YOUNG PEOPLE have returned to work rapidly, with unemployment now lower than pre-pandemic levels, but problems persist, with one-in-three 18-34-year-olds returning to atypical, often insecure work.
The number of economically inactive young men has increased by almost 50,000 since last spring, according to new research published by the Resolution Foundation.
Leaving lockdown, which includes findings from an online YouGov survey of 6,100 adults, examines the recent experience of young people’s employment, their outlook in the post-pandemic labour market and how this might affect their mental health.
The reports notes that the huge success of the furlough scheme kept a lid on youth unemployment, but could not prevent young people experiencing long periods of worklessness during the pandemic, putting them at risk of blighted future employment and pay prospects and of ongoing mental health problems.
One-in three 18-24-year-olds who were in work in February 2020 have experienced at least three months of worklessness, along with almost one-in-five (19 per cent) 25-34-year-olds.
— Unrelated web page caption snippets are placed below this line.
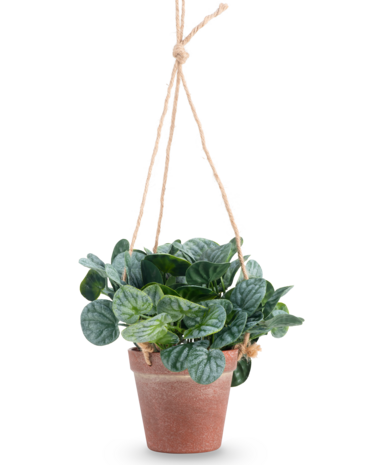 Greenmoods Kunstig  Peperomia i Hengende Potte 18 cm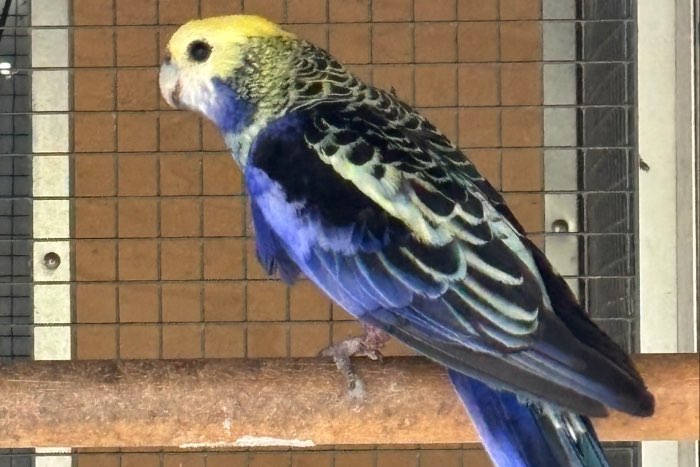 blauwwang rosella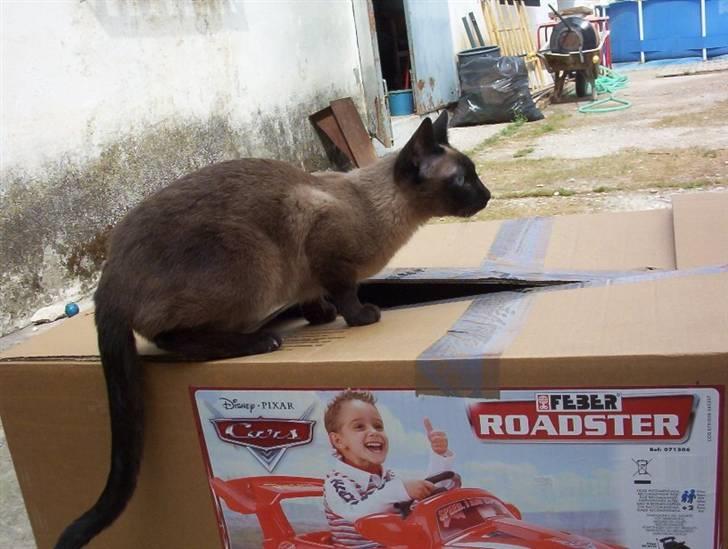 Siameser Sofia billede 1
The swift return of many young people to the workplace following the lifting of lockdown restrictions last year is something to celebrate, the Foundation says. By October 2021, three in four (76 per cent) young people who were in work before the pandemic but workless during the winter lockdown had returned to work. As a result, the unemployment rate for 18-24-year-olds in the three months to November fell to 9.8 per cent – below its pre-pandemic rate of 10.5 per cent.
However, despite this welcome rapid return, Leaving lockdown warns that young people are still facing significant challenges in the workplace. Young ‘returners’ – who were employed prior to the pandemic, experienced worklessness in the last lockdown, and have since returned to work – are now more likely than those who stayed in work throughout the pandemic to be on a temporary contract, a zero hours contract, doing agency work, or working variable hours.
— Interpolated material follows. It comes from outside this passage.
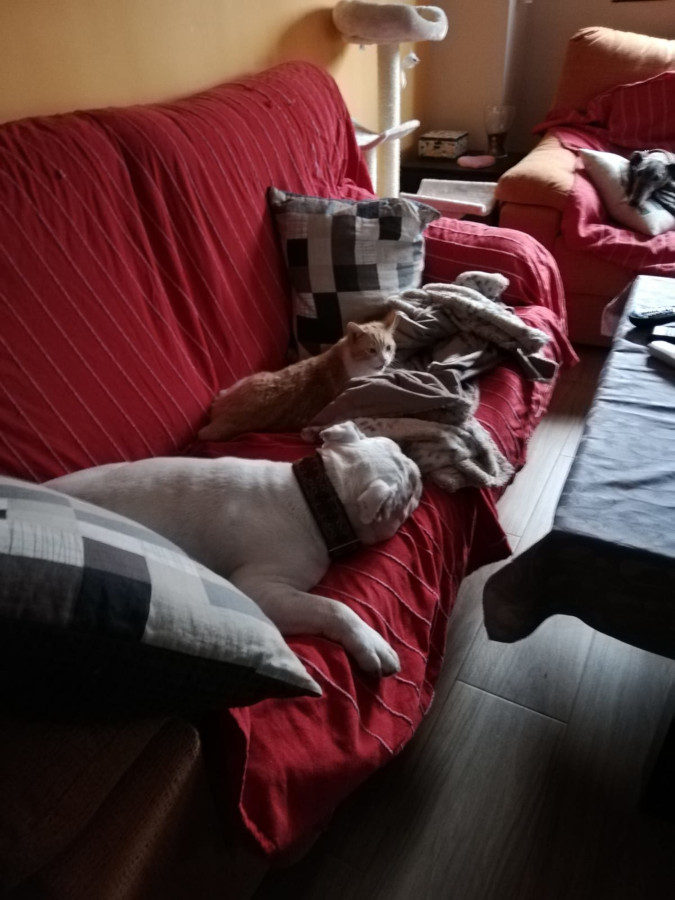 multimedia-foto56585-314-1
Of those surveyed, 33 per cent of ‘returners’ were now employed in these atypical work types, compared to just 12 per cent of young people who were in work during both periods of the pandemic.
Younger ‘returners’ to the workplace were also more likely than those who remained employed during the winter of 2021 to be looking for new or additional jobs, suggesting some level of dissatisfaction with their current working lives.
One-in-four (25 per cent) returners reported looking for a new job, compared to 19 per cent of those were in work during both periods.
The research adds that while unemployment has not increased during the pandemic, the number of 18-24-year-olds who are economically inactive and not in full-time study (NEETs) has risen, especially among young men, where it has increased by 47,000 compared to spring 2021.
Both recent worklessness and poor-quality work are also associated with poor mental health, the report author says.
In October 2021, among young people who were in work before the pandemic, almost two-thirds (64 per cent) of those who had been workless in the last three months reported a common mental health disorder, compared to 51 per cent of young people overall. Among those who were in work before the pandemic, 69 per cent were looking for a new job, and 70 per cent of those who were looking for an additional job, also reported a mental health disorder at this time.
The rise in young people who are economically inactive or in insecure work, combined with the large numbers of young people who have suffered extended worklessness in recent years, means that policymakers must now focus on tacking insecure work, and ensuring that young people have access to good quality jobs, the Foundation says.
Louise Murphy, Economist at the Resolution Foundation, said: “Young people were hit hardest by the economic impact of the pandemic, but have bounced back with a swift return to work, thanks in large part to the success of the furlough scheme. But policymakers and employers must not become complacent – problems persist for young people who are at risk of insecure work and economic inactivity.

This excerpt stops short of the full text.